Tuesday, April 10, 2007
Big News from Wild Sanctuary! We've scheduled the second week in June to be on-site in Alaska for The Katmai Soundscape Project, a continuation of The World Soundscape Project begun last June in the Arctic National Wildlife Refuge. This phase, obtaining baseline recordings of 3 sites within Alaska's Katmai National Park, is an exciting continuation of our global project work and will add significant material to the archive from that amazing location. Known as the 'land of 10,000 smokes', the Katmai is a spectacular 40 square mile, 100-700 ft. deep ash flow deposit from Novarupta Volcano. Also known for it's brown bears, robust waterways, rich salmon habitat, remote wilderness, and rugged coastlines, this area is still recovering from 1989's Valdez oil spill, although it was over 250 miles away! If you'd like to help us accomplish the baseline soundscape study of this region please make your contribution today -- just click on the MAKE A DONATION button to your right, under The Murie Center information. And thank you. We're grateful for your support! Image courtesy NPS/Katmai National Park Photo Archive.
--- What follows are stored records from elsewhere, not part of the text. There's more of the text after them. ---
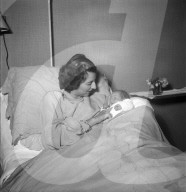 Fürstin Gina von Liechtenstein mit Tochter Norberta Elisabeth, 1950
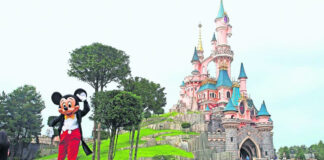 Disney: 100 años dibujando sonrisas y sueños Disney: 100 años dibujando sonrisas y sueños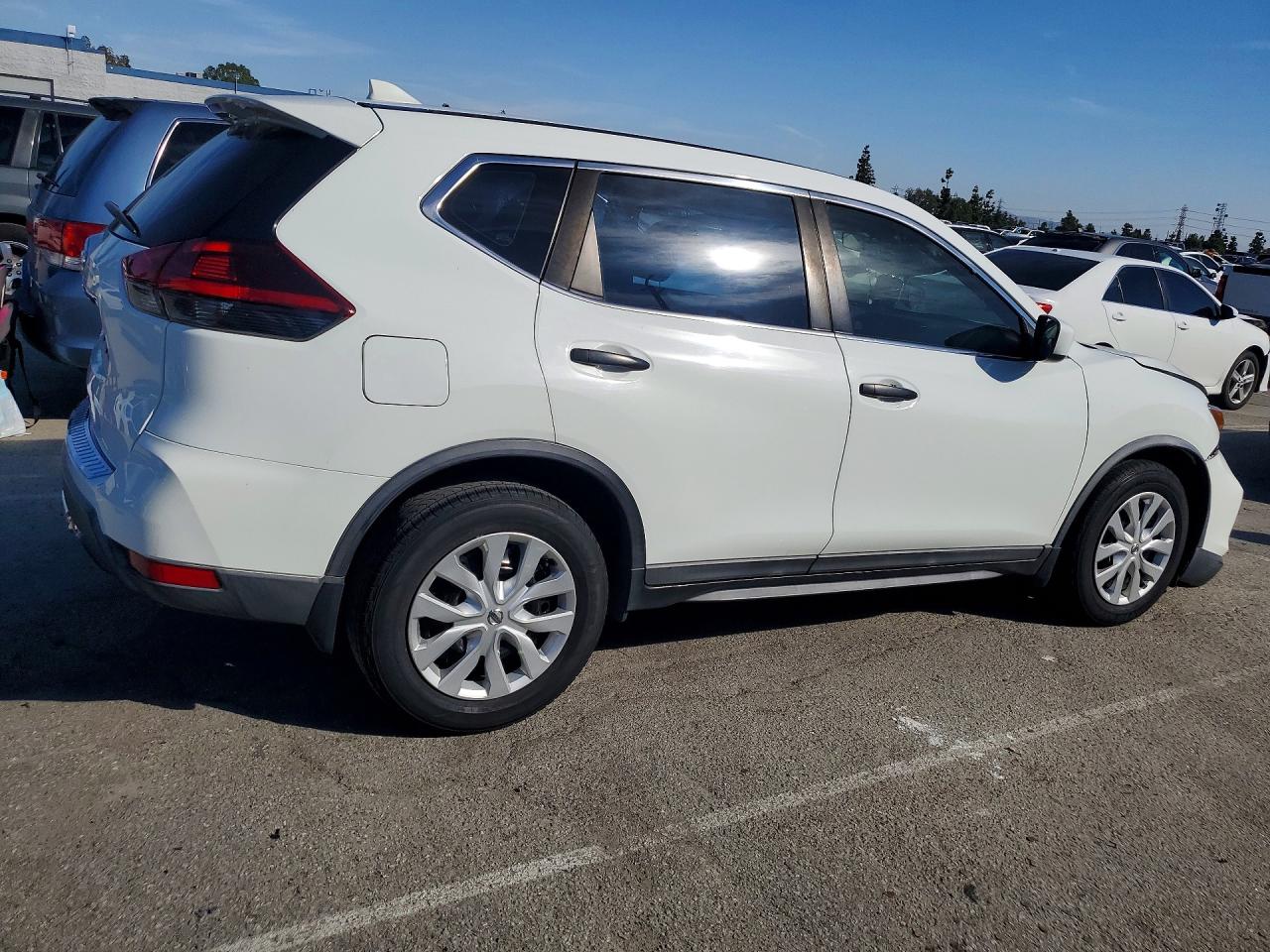 2018 NISSAN ROGUE S photo 5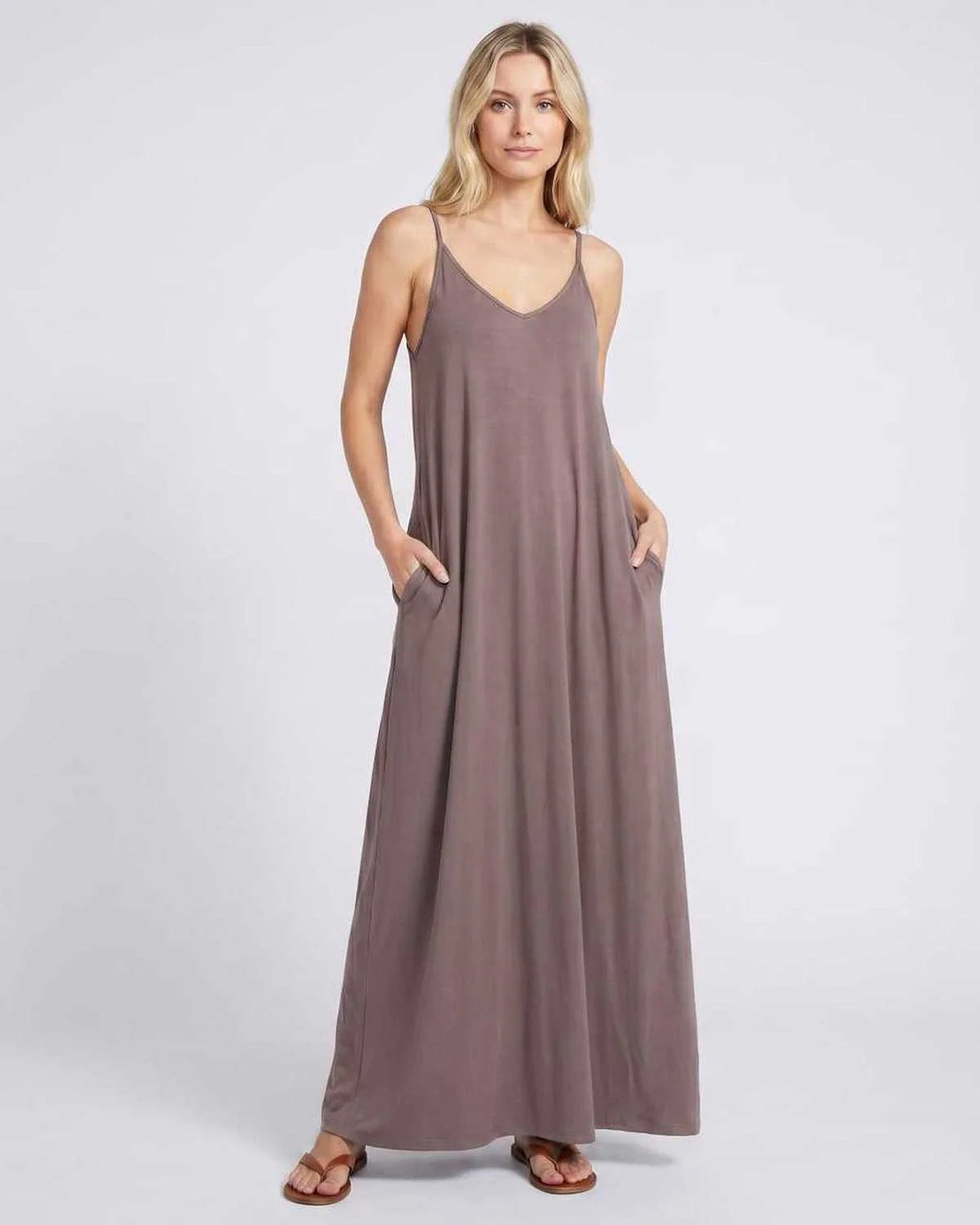 Solène Dames Maxi Jurk | V-Hals & Spaghettibandjes | Zijzakken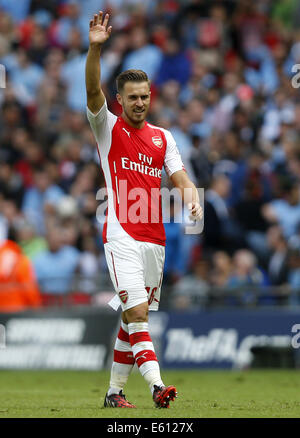 Londra, Regno Unito. 10 Ago, 2014. Aaron Ramsey di Arsenal celebra il punteggio durante la protezione comunitaria match tra Arsenal e Manchester City allo Stadio di Wembley a Londra, Gran Bretagna il 10 agosto, 2014. Arsenal vince 3-0. Credito: Wang Lili/Xinhua/Alamy Live News Foto Stock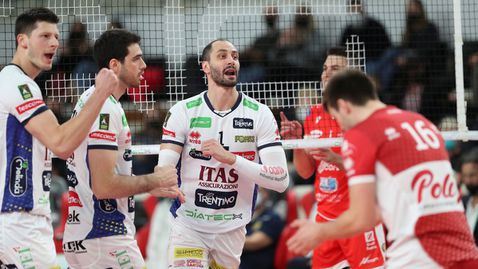 Силен Матей Казийски със 17 точки и MVP, Тренто удари Равена в Италия🏐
We had an all too rare visit this week from Martyn and 'Roo' Stewart, our wonderful friends and natural sound compatriotas from Natursound.org! Even a Sunday walk in the park is a rare delight with this pair along. Martyn's amazing identification abilities pinpoint particular birdsong on the fly, while his wife's absolute connection with the creature world provides an inspiring and delightful example for all lucky enough to enjoy their company. Martyn (a member of Wild Sanctuary's Arctic Soundscape Project) recommends the podcasts of: 'BirdNote: Radio Stories About the Intriguing Ways of Birds" on NPR's KPLU, Mon-Fri at 8:58 a.m. We miss 'em already, bless their cotton socks!